Steady planar straining flow past a rigid sphere at moderate Reynolds number

Abstract

This study focuses on the effect of spatial non-uniformity in the ambient flow on the forces acting on a spherical particle at moderate particle Reynolds numbers. A scaling analysis is performed to obtain conditions under which such effects are important. A direct numerical simulation, based on spectral methods, is used to compute the three-dimensional time-dependent flow past a stationary sphere subject to a uniform flow plus a planar straining flow. The particle Reynolds number, Re, in the range 10 to 300 covering different flow regimes, from unseparated flow to unsteady vortex shedding, is considered. A variety of strain magnitudes and orientations are investigated. A systematic comparison with the potential flow results and axisymmetric strain results is given. Under elongational strain, both the planar and axisymmetric cases are found to stabilize the sphere wake and delay the onset of unsteadiness, while compressional strain leads to instability.
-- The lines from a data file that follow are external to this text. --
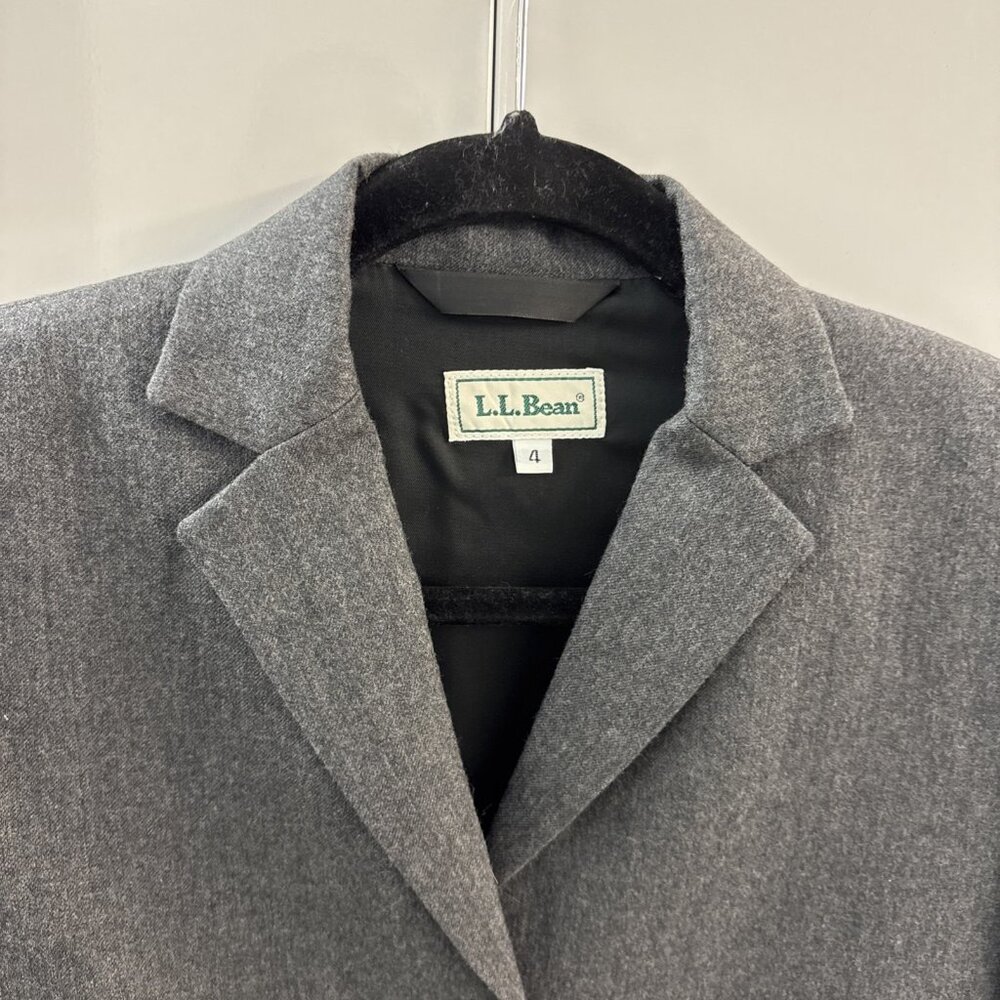 Vintage LL Bean Wool Blazer Jacket Womens Size 4 Grey Business Casual 3 Button - Picture 4 of 10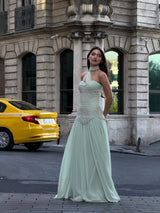 Amy – Asymmetric Beaded Evening Gown with Satin Skirt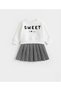 Girl's Polo Neck Sweatshirt - Skirt Trend Bottom Top Set New Season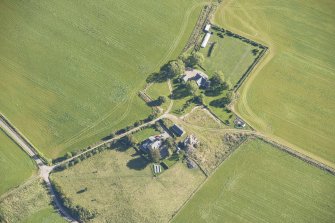 Oblique aerial view of Blervie Castle, looking ESE.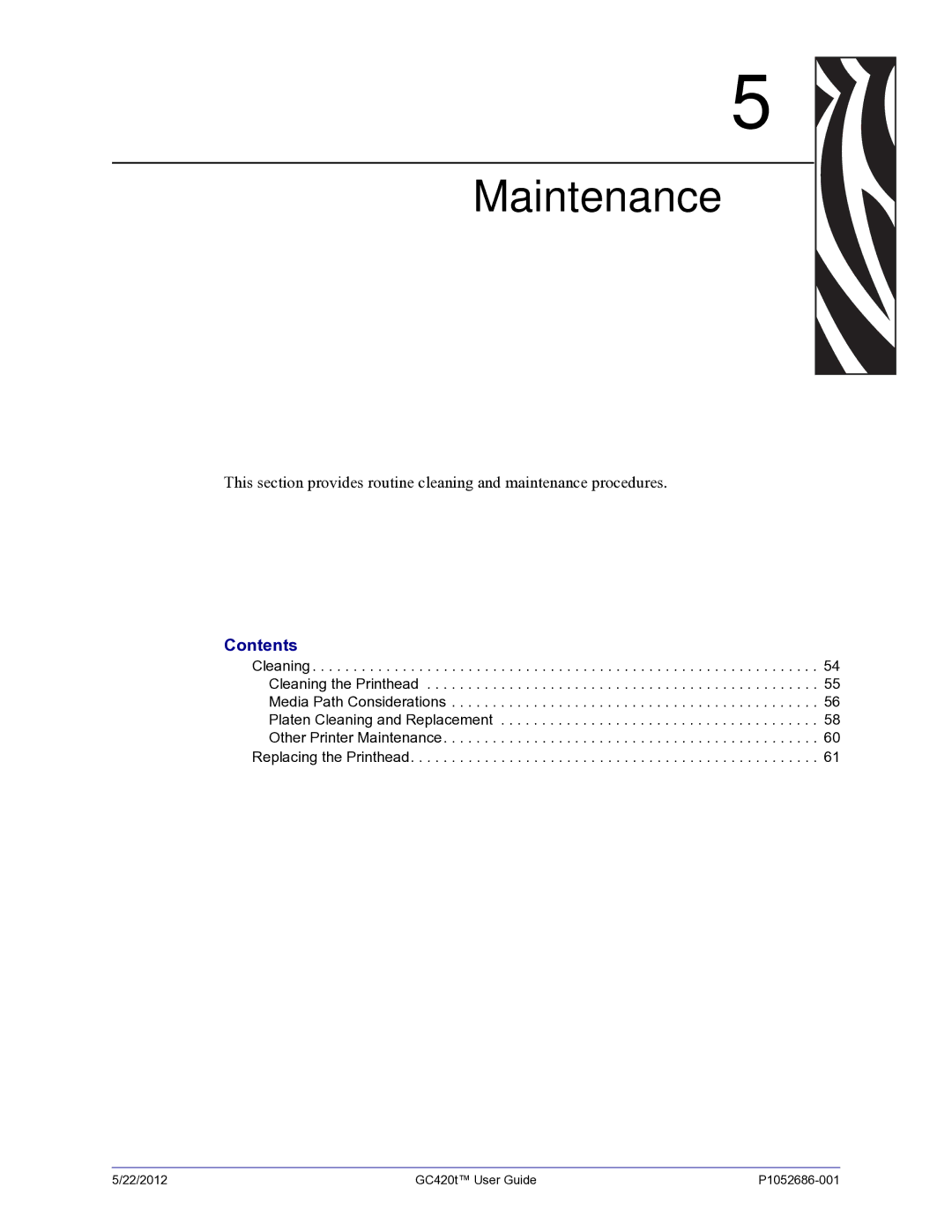 Zebra Technologies GC420t manual Maintenance 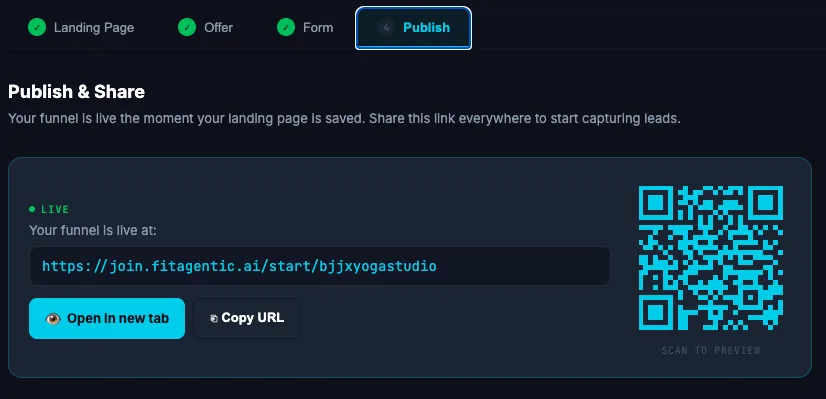 The publish screen: the funnel is live at its own link, with a QR code to scan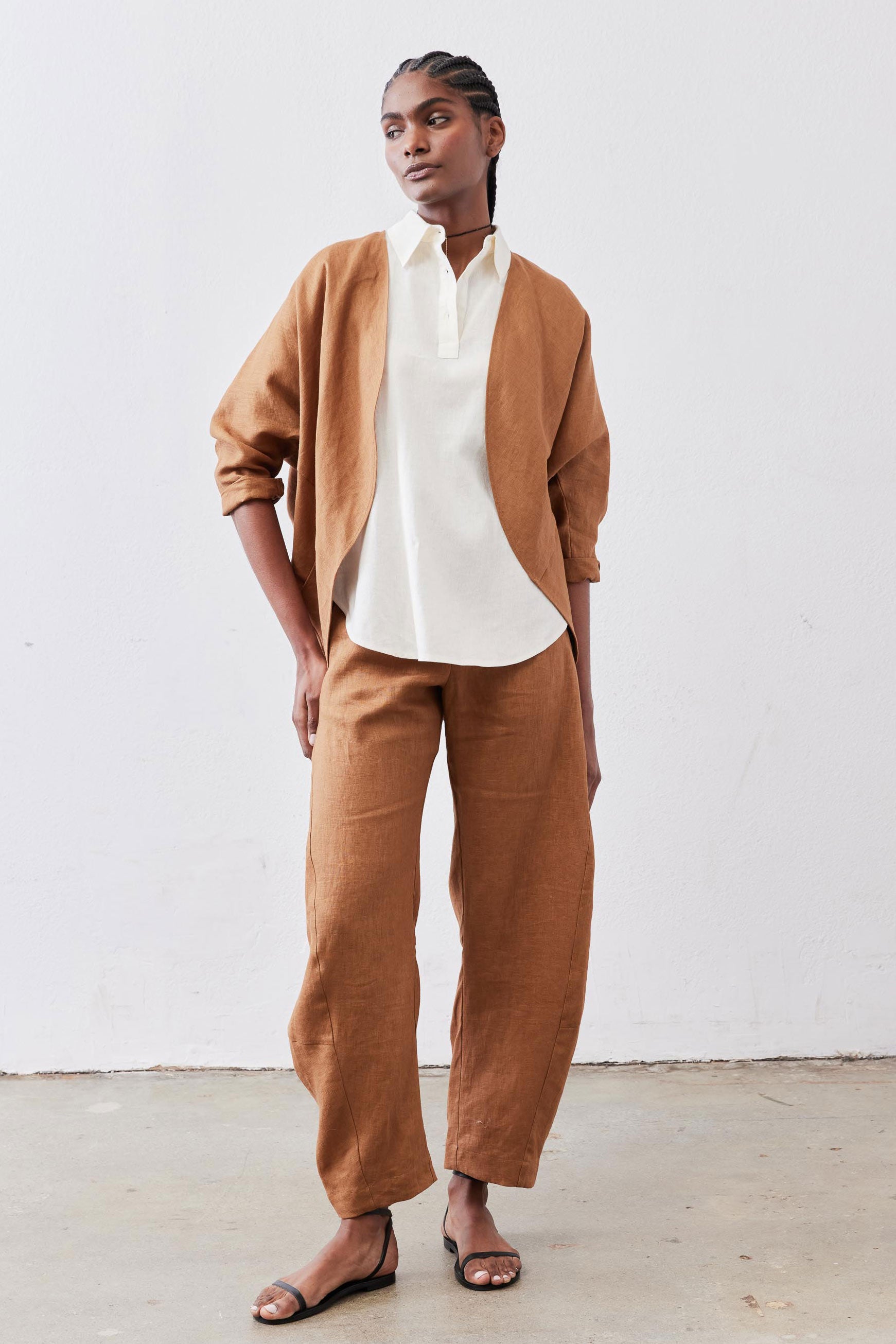 Open-Front Linen Cocoon Cardigan in Caramel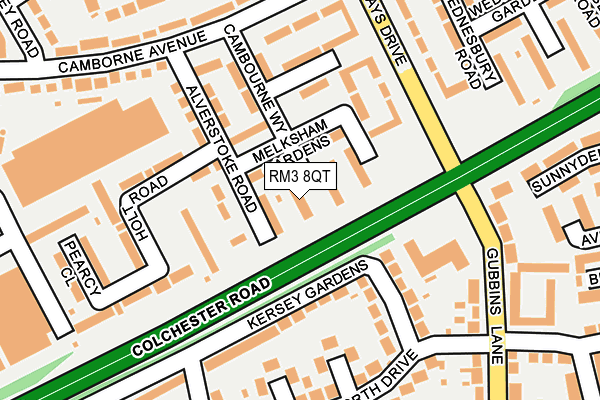 RM3 8QT map - OS OpenMap – Local (Ordnance Survey)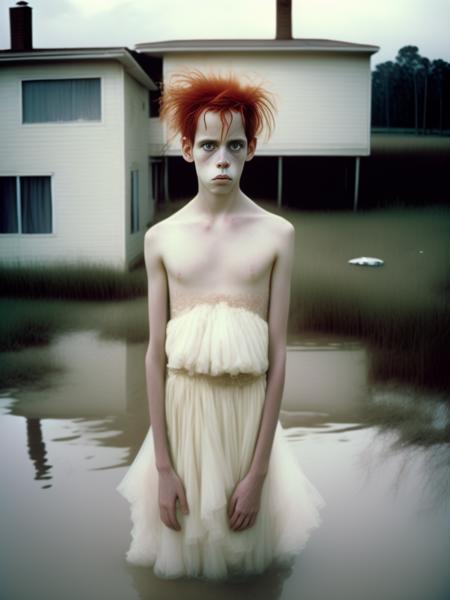 <lora:AlecSoth:1>scanned magazine texture of realistic far-angle shot documentary style photography grunge sad shy ugly boy teenager wearing wedding dress standing near a house in a swamp ,nan goldin lighting, movement, larry sultan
In terms of separation angles, length of the recirculation eddy and topology of the surface streamlines, planar and axisymmetric strains yield nearly the same results. The drag force appears to have a linear relation with strain magnitude in both cases, as predicted by the potential flow. However, contrary to the potential flow results, the drag in planar strain is higher than that in axisymmetric strain. The generation of higher drag is explained using the surface pressure and vorticity distributions. Planar strain oriented at an angle with the oncoming uniform flow is observed to break the symmetry of the wake and results in a lift or side force. The variation of the drag and lift forces may be quite complex, and unlike the potential flow results they may not be monotonic with strain magnitude. The direction of the lift force may be opposite to that predicted by the inviscid and low Reynolds number (Re [Lt ] 1) theories. This behaviour is dictated by the presence or absence of a recirculation eddy. In the absence of a recirculation region at low Reynolds numbers (Re < 20), or at a very high strain magnitude when the recirculation region is suppressed, the results follow somewhat the pattern observed in potential flow. However, with the presence of a recirculation region, results opposite to those predicted by the potential theory are observed.